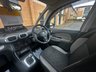 USED 2014 63 CITROEN C3 PICASSO 1.4 VTR PLUS 5d 94 BHP BRILLIANT CONDITION+CLEAN EXAMPLE!!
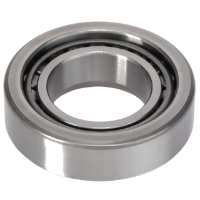 AGCO TAPERED BEARING 700723107 Parts - True Ag & Turf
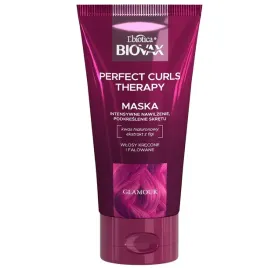 l-biotica-biovax-perfect-curls-maska-intensywne-nawilzenie-150ml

TASK INSTRUCTIONS:
Omit the pictures, then print the rest of the listing above exactly.

WORKED SOLUTION:
 USED 2014 63 CITROEN C3 PICASSO 1.4 VTR PLUS 5d 94 BHP BRILLIANT CONDITION+CLEAN EXAMPLE!!
 AGCO TAPERED BEARING 700723107 Parts - True Ag & Turf
 l-biotica-biovax-perfect-curls-maska-intensywne-nawilzenie-150ml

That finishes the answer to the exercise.